Cada viernes, puntualmente a las 22:00, la ciudad parecía detenerse. No era algo que los demás notaran, sin embargo para Ana ese momento era sagrado. Sin importar el caos de la semana, la rutina o los problemas, a esa hora el mundo entero parecía alinearse con una quietud extraña.
El ritual comenzó casi por accidente. Una noche, tras una semana especialmente agotadora, Ana se sentó frente a su ventana, una taza de té en mano, y contempló la calle vacía. El silencio de las 22:00 tenía una magia especial. Desde entonces, se prometió a sí misma no faltar a esa cita semanal. Durante esos minutos, no existían llamadas pendientes ni responsabilidades. Solo estaba ella y el silencio, como un pacto secreto.
Al principio, no le dio demasiada importancia. Era solo una pausa. Pero, con el tiempo, empezó a sentir que algo más ocurría. Los sonidos, la luz tenue, incluso el aire, parecían diferentes a esa hora. Era como si el universo le concediera esos minutos de tregua, en los que todo lo demás dejaba de existir.
Una noche de viernes, sin razón aparente, Ana decidió caminar. Bajó a la calle y recorrió las aceras desiertas, sintiendo la suavidad de la noche en su piel. Cada paso parecía resonar más de lo habitual. Las sombras, que durante el día resultaban irrelevantes, se volvieron amigas silenciosas.
Fue entonces cuando lo notó: no estaba sola. Al otro lado de la calle, un hombre se había detenido, igual que ella, observando el cielo como si también supiera el secreto. Ella se quedó quieta, con el corazón acelerado, preguntándose si él también esperaba ese momento de las 22:00. Ambos intercambiaron una mirada breve, un reconocimiento tácito de que compartían algo especial, aunque ninguno supiera qué era.
A partir de esa noche, Ana siguió bajando todos los viernes. A veces caminaba, a veces se sentaba en una banca, pero siempre, él estaba ahí. No se hablaban, no se acercaban, pero sus presencias se volvieron constantes, como si compartieran una especie de ritual cósmico. La ciudad seguía su curso, pero ellos dos, a las 22:00 de los viernes, eran los únicos que verdaderamente habitaban ese instante.

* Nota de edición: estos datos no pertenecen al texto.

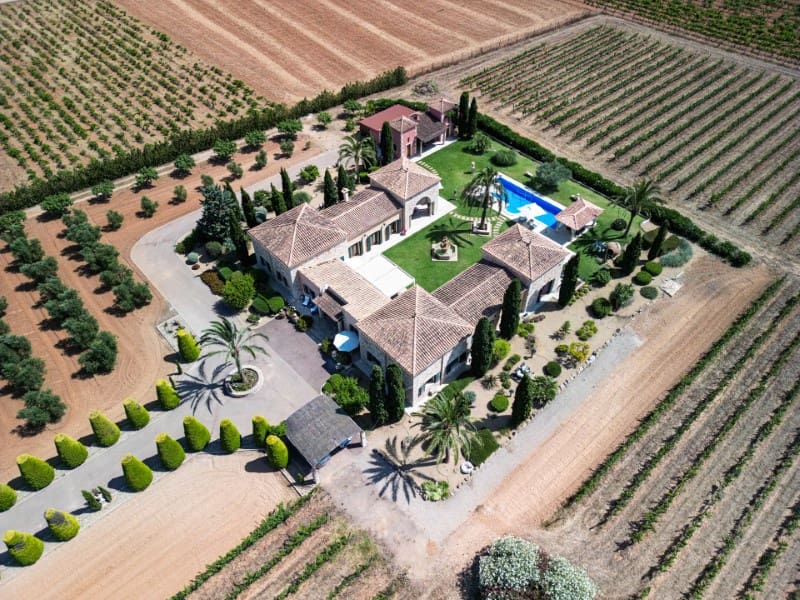 3 soveværelse Finca/Landehus til salg i Porreres med swimmingpool garage - € 4.800.000 (Ref: 9091954)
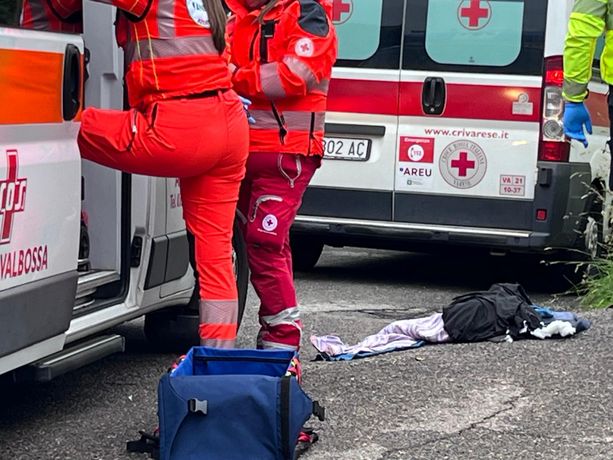 Le coltellate, il sangue, le urla: la terribile ricostruzione dell'agguato di via Menotti. Manfrinati in lacrime: «Vorrei chiedere scusa a Lavinia» Le coltellate, il sangue, le urla: la terribile ricostruzione dell'agguato di via Menotti. Manfrinati in lacrime: «Vorrei chiedere scusa a Lavinia»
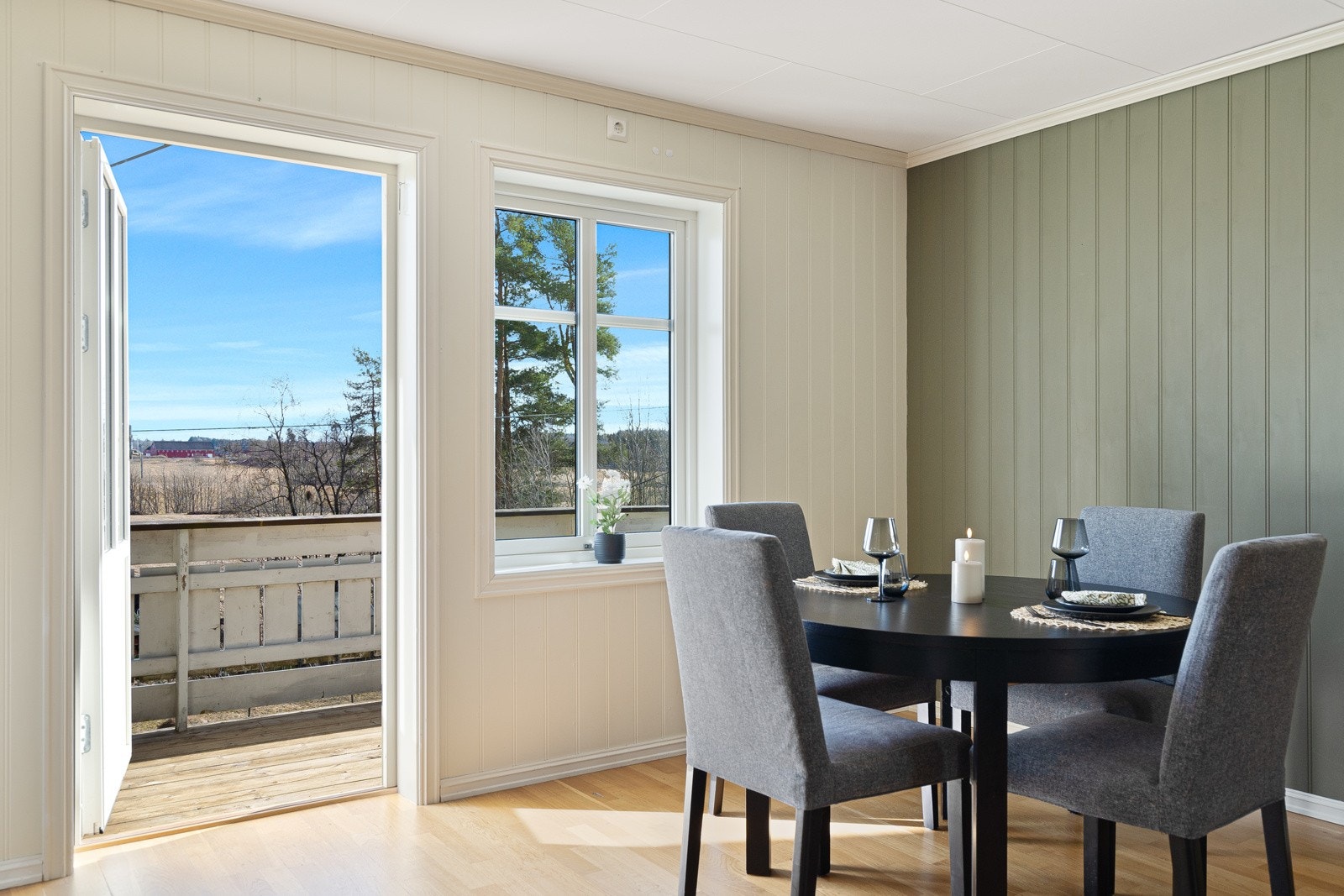 Utgang til stor terrasse mot øst og syd Galleribilde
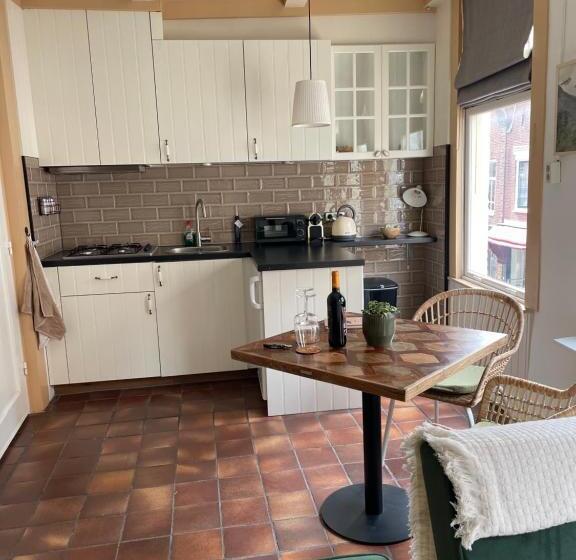 تختخواب و صبحانه Toast By Night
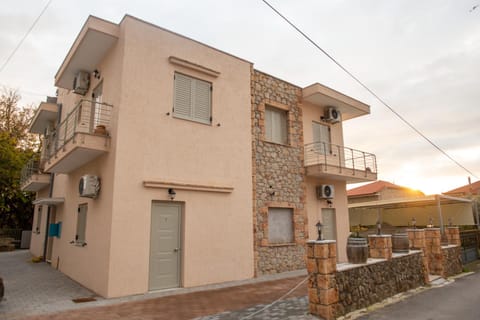Tasos Rooms Bed and Breakfast in Stoupa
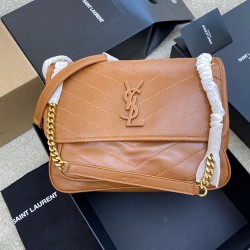 Yves Saint Laurent  D886580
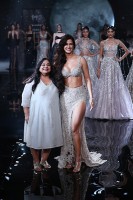 India Couture Week: Disha Patani scorches the ramp for designer Dolly J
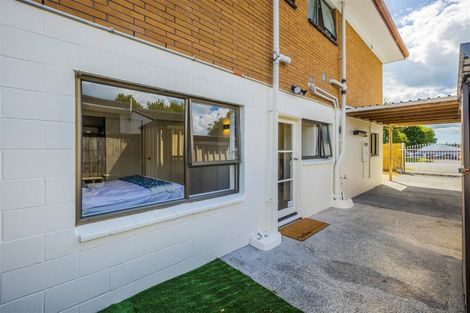 Photo of property in 1/53 Butley Drive, Farm Cove, Auckland, 2012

Nunca supo su nombre ni él el de ella. Pero no importaba. Sabían que, en ese breve lapso, compartían un pequeño refugio en el tiempo. Un lugar donde el ruido del mundo no llegaba, donde el reloj dejaba de correr. Un pacto de silencio, de miradas furtivas, de una conexión que solo existía en esos minutos.
Hasta el día en que él no apareció.
Ana esperó. Un viernes, dos, tres… Las 22:00 seguían siendo sagradas, pero algo había cambiado. La calle se sentía más vacía, el silencio más pesado. Pero, de alguna forma, sabía que aquel hombre, donde fuera que estuviese, aún mantenía su parte del pacto. Porque, aunque no se vieran más, ambos sabían que las 22:00, cada viernes, seguía siendo su momento compartido.